> _WHAT NEEDS TO BE DONE_:
Take the lines below between the one holding "EVEBOT Handheld Food" and the one holding "TRAJE NORTINO NIÑA", inclusive, and copy them exactly. Add nothing.

> _GIVEN DATA_:
↓↓↓
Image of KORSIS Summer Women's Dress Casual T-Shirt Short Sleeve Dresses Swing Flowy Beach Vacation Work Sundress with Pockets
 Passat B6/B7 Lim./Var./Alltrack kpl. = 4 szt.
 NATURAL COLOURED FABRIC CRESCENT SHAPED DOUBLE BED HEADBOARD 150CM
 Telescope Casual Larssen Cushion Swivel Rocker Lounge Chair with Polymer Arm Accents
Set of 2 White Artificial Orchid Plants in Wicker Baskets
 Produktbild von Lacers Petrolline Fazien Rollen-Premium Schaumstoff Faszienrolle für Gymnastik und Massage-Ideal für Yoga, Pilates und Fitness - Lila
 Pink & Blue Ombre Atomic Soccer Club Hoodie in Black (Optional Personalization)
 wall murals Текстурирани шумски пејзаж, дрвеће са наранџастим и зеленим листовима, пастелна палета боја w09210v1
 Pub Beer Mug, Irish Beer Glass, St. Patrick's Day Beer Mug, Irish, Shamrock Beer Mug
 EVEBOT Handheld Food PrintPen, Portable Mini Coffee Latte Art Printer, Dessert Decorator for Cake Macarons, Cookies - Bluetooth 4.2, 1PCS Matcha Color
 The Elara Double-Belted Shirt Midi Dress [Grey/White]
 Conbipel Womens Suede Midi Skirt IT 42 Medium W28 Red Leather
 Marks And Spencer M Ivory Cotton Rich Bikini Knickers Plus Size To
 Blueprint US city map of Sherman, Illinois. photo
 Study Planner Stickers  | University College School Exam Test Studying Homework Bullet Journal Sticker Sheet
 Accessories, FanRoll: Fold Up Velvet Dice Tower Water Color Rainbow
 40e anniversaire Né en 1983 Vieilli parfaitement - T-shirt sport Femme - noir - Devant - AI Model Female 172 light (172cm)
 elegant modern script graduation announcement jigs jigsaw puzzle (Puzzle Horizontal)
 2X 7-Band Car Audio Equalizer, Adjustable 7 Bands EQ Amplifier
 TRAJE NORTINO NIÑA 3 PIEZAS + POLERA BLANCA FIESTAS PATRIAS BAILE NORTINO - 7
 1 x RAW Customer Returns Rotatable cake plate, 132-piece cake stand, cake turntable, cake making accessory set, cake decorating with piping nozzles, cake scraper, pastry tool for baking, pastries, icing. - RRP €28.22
↑↑↑
> _REPLY_:
 EVEBOT Handheld Food PrintPen, Portable Mini Coffee Latte Art Printer, Dessert Decorator for Cake Macarons, Cookies - Bluetooth 4.2, 1PCS Matcha Color
 The Elara Double-Belted Shirt Midi Dress [Grey/White]
 Conbipel Womens Suede Midi Skirt IT 42 Medium W28 Red Leather
 Marks And Spencer M Ivory Cotton Rich Bikini Knickers Plus Size To
 Blueprint US city map of Sherman, Illinois. photo
 Study Planner Stickers  | University College School Exam Test Studying Homework Bullet Journal Sticker Sheet
 Accessories, FanRoll: Fold Up Velvet Dice Tower Water Color Rainbow
 40e anniversaire Né en 1983 Vieilli parfaitement - T-shirt sport Femme - noir - Devant - AI Model Female 172 light (172cm)
 elegant modern script graduation announcement jigs jigsaw puzzle (Puzzle Horizontal)
 2X 7-Band Car Audio Equalizer, Adjustable 7 Bands EQ Amplifier
 TRAJE NORTINO NIÑA 3 PIEZAS + POLERA BLANCA FIESTAS PATRIAS BAILE NORTINO - 7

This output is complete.